▶ Exercise objective
Every line from the one holding "Elephant embroidery designs" through the one holding "Zadaszenie kontenerowe 10x6m" in the data below must be returned exactly, both ends included, with pictures left out and nothing else added.

============

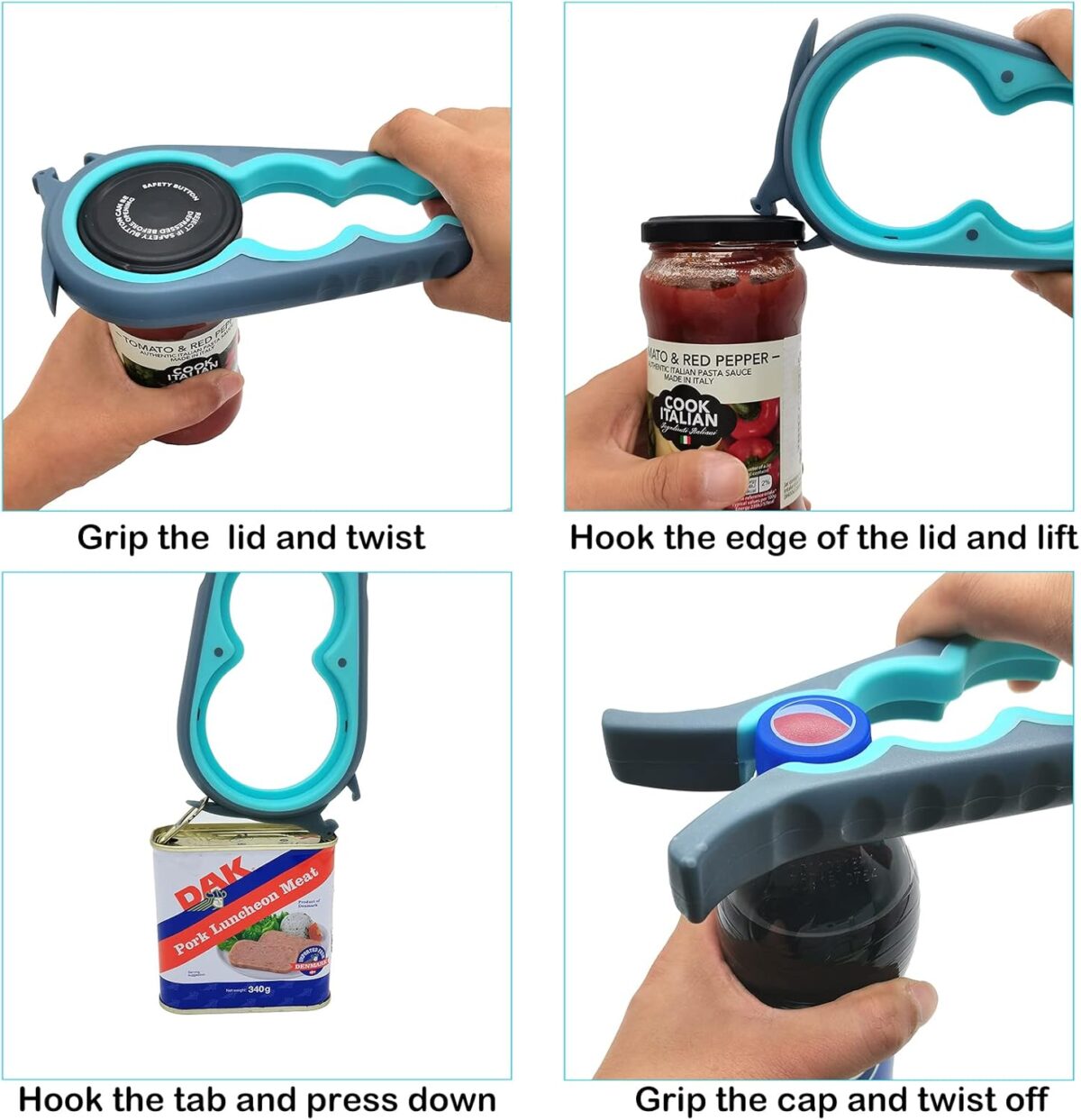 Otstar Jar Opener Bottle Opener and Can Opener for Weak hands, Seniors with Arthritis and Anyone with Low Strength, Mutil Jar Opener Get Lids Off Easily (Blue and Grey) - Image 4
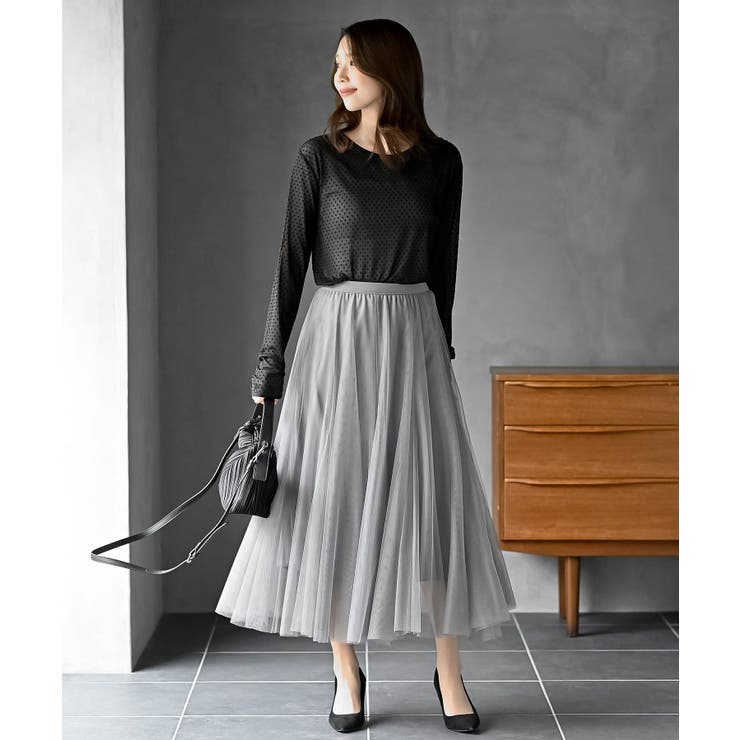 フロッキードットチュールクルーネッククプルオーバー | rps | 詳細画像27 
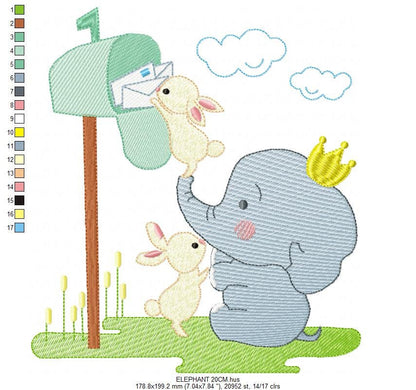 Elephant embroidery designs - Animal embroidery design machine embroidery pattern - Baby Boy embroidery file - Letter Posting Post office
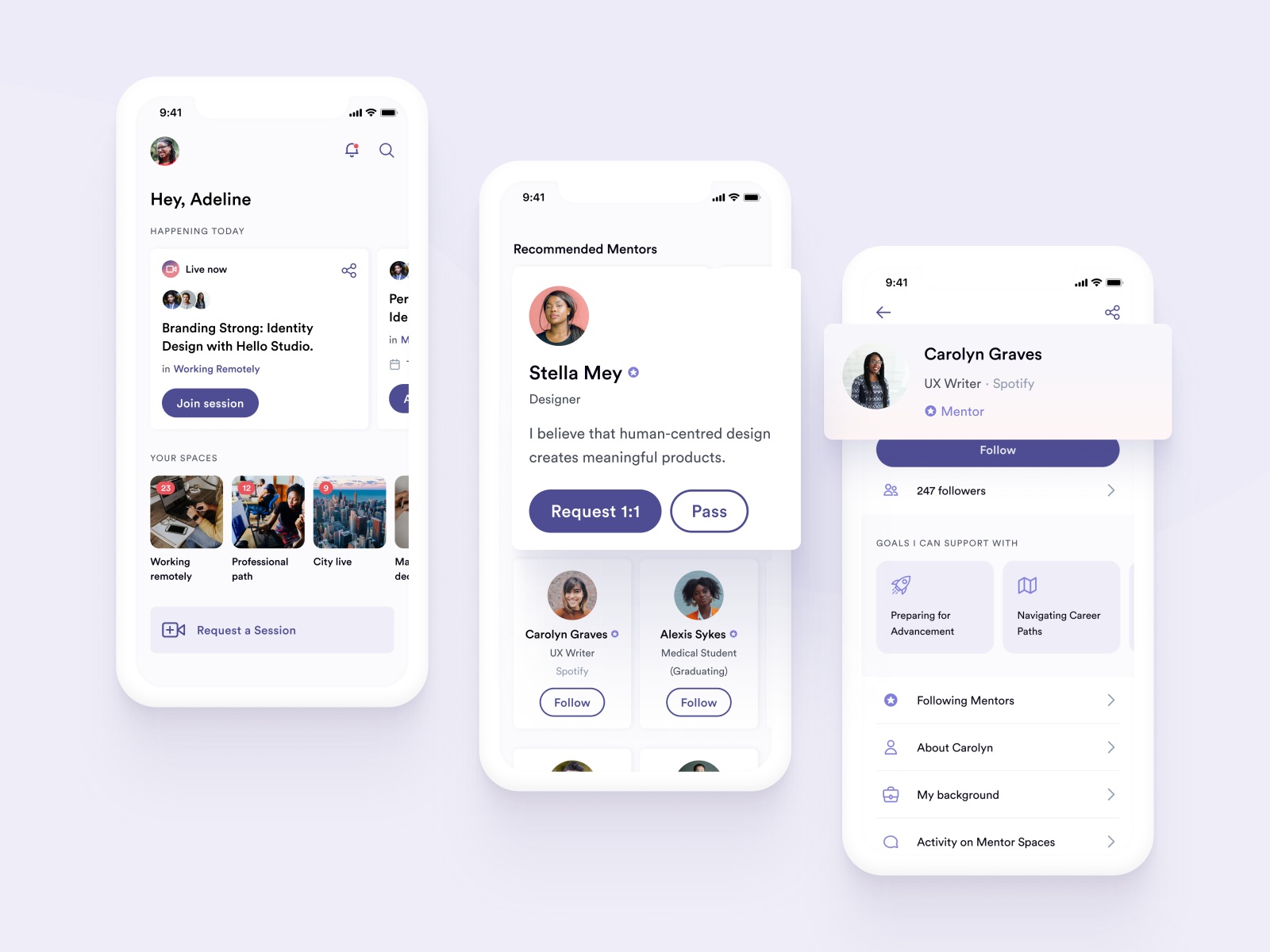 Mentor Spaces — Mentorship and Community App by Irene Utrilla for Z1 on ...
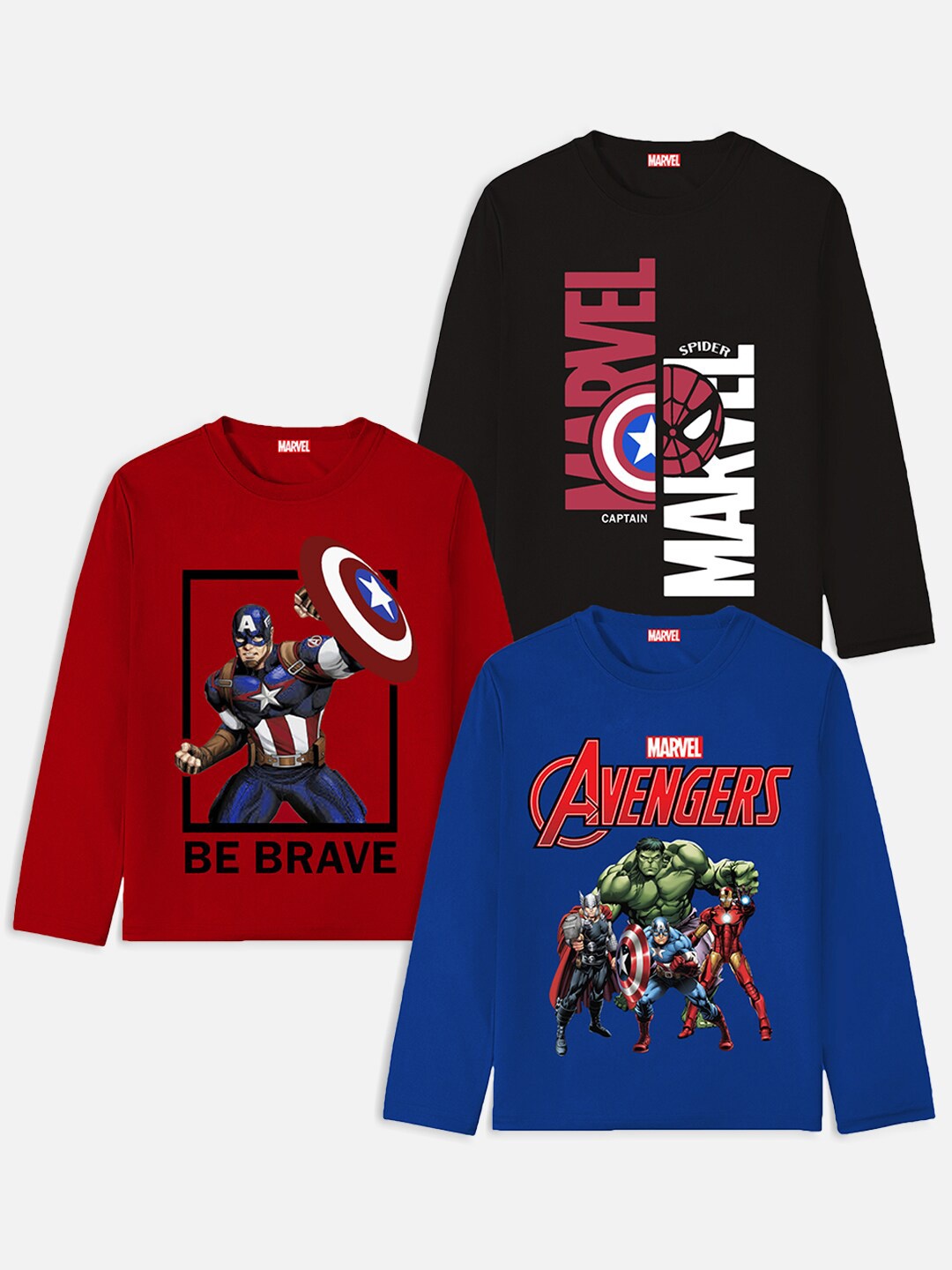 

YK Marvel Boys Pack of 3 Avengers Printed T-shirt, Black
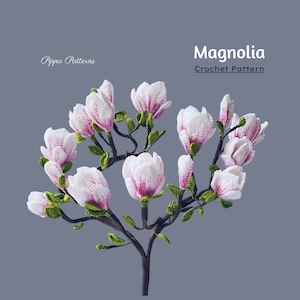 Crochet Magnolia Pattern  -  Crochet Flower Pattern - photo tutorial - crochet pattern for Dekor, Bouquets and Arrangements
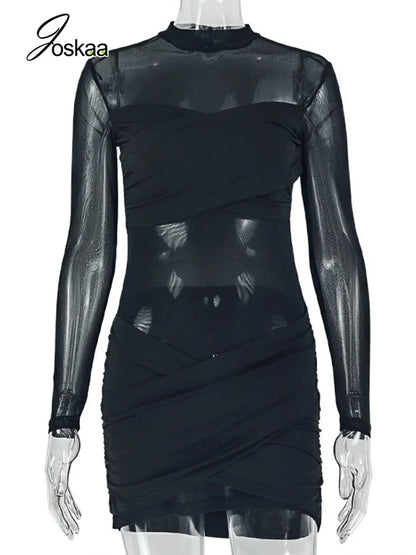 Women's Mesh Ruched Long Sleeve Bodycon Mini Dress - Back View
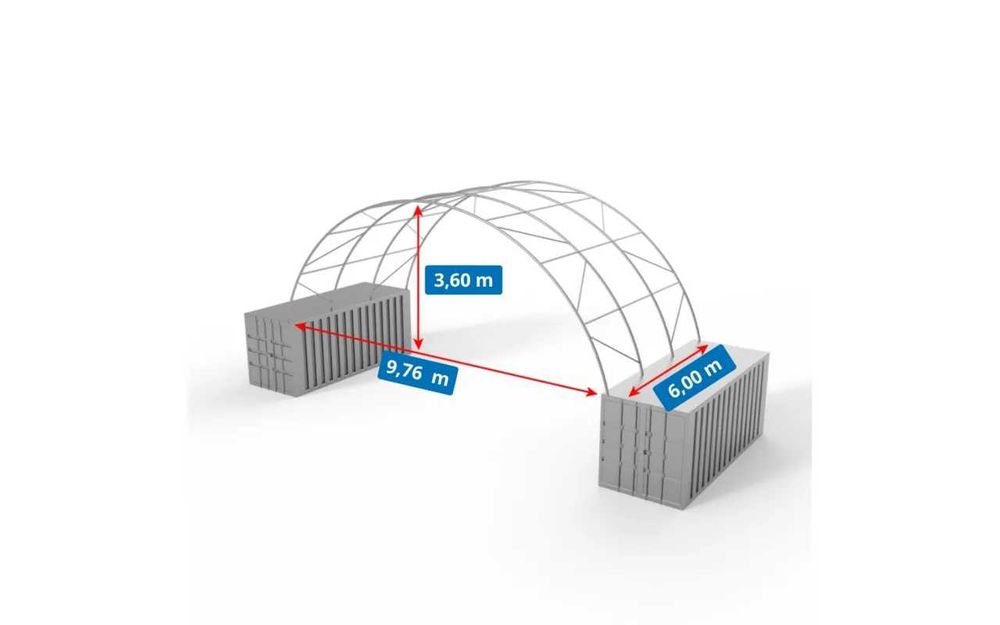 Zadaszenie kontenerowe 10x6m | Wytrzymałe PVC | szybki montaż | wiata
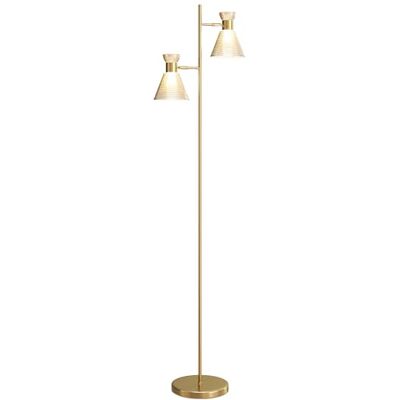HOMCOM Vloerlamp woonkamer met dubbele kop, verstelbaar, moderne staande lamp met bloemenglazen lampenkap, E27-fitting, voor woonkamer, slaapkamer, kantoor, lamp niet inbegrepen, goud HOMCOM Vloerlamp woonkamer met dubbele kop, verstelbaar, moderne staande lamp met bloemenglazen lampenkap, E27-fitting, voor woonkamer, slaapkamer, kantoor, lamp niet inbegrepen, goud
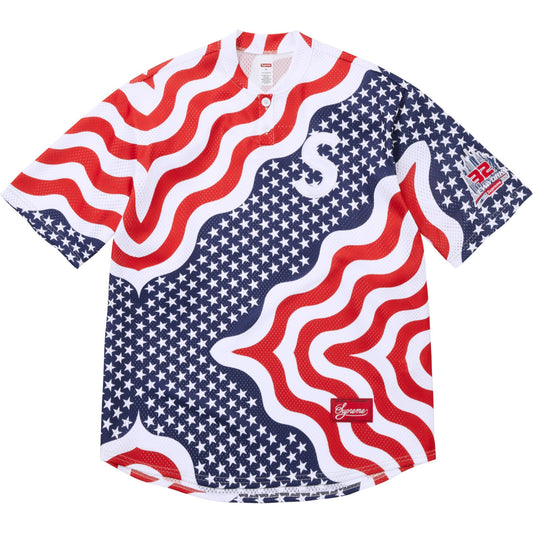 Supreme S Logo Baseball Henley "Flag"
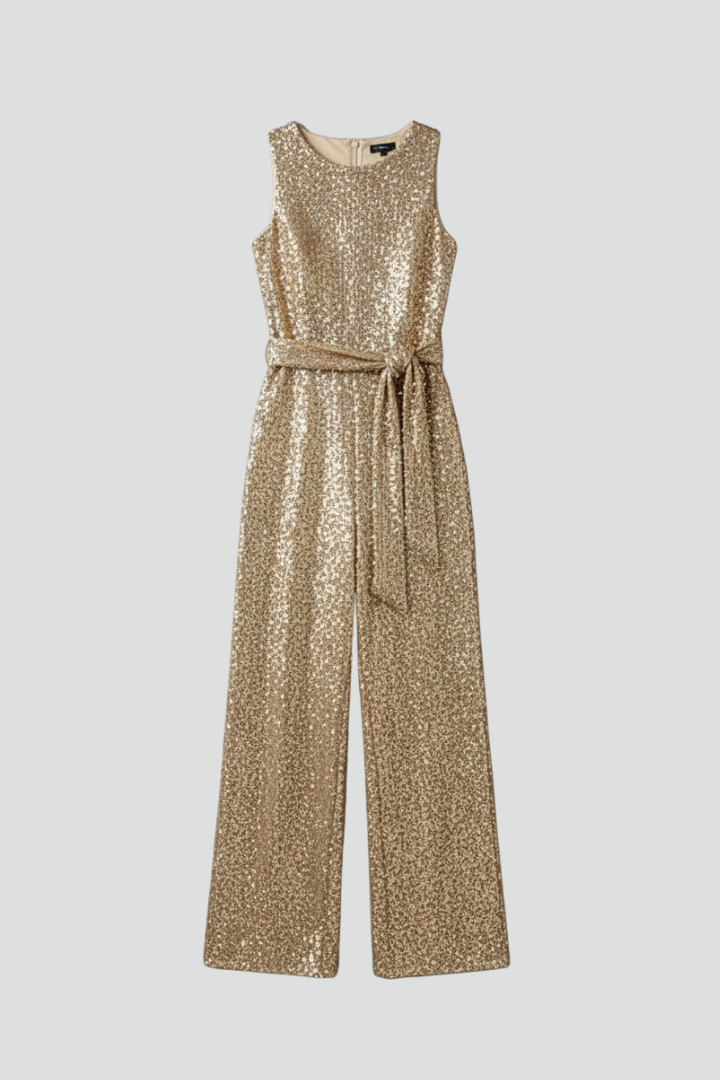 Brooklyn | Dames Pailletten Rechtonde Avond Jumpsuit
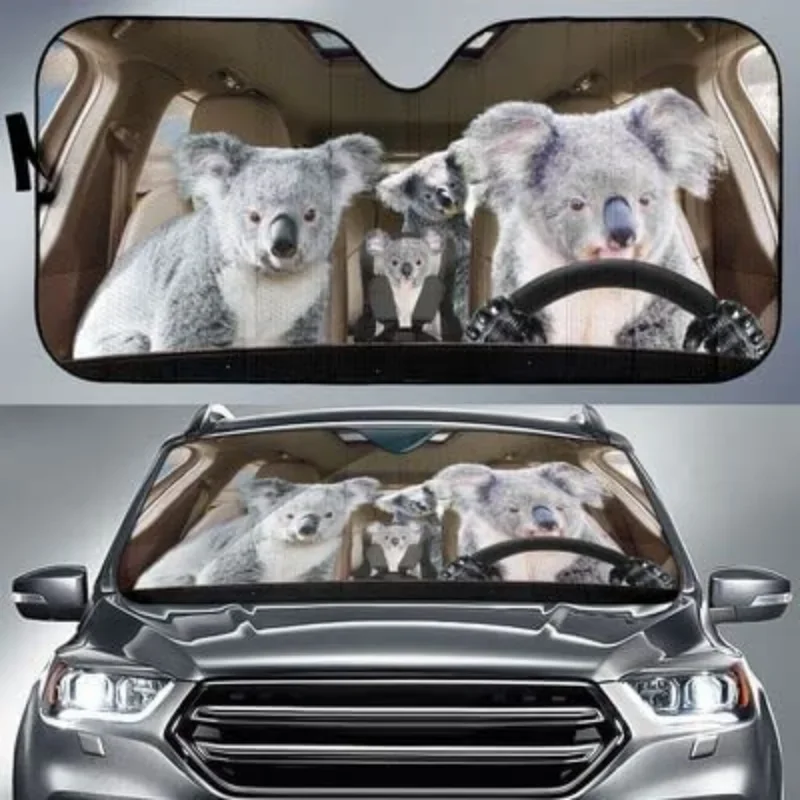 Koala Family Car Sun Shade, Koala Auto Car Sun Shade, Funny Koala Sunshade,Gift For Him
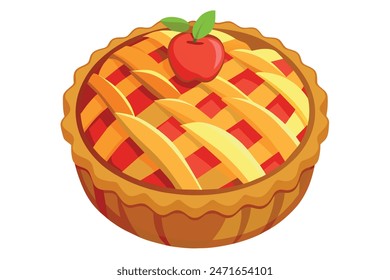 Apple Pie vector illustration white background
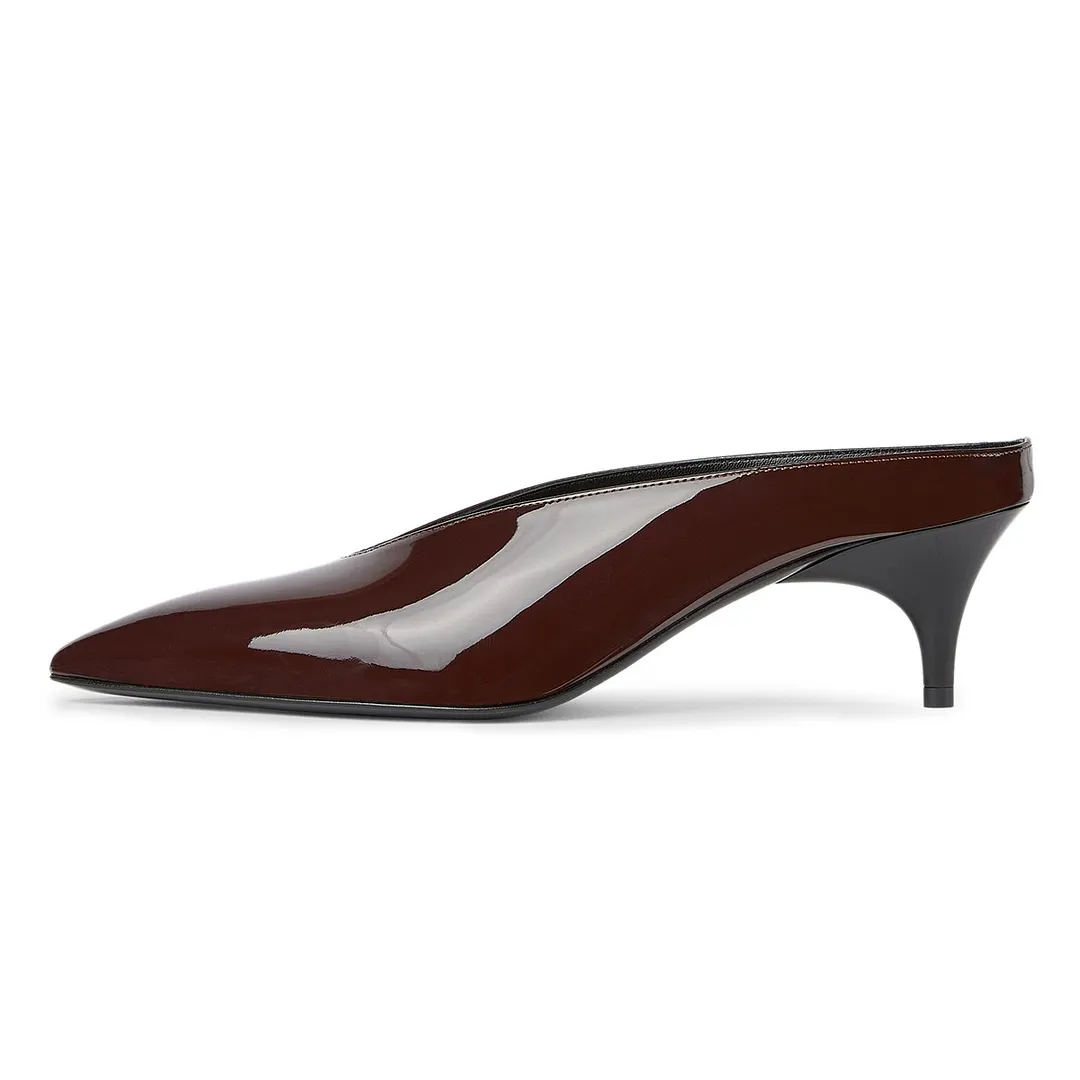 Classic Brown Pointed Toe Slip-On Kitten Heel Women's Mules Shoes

============

▶ Output below
 Elephant embroidery designs - Animal embroidery design machine embroidery pattern - Baby Boy embroidery file - Letter Posting Post office
 Mentor Spaces — Mentorship and Community App by Irene Utrilla for Z1 on ...

YK Marvel Boys Pack of 3 Avengers Printed T-shirt, Black
 Crochet Magnolia Pattern  -  Crochet Flower Pattern - photo tutorial - crochet pattern for Dekor, Bouquets and Arrangements
 Women's Mesh Ruched Long Sleeve Bodycon Mini Dress - Back View
 Zadaszenie kontenerowe 10x6m | Wytrzymałe PVC | szybki montaż | wiata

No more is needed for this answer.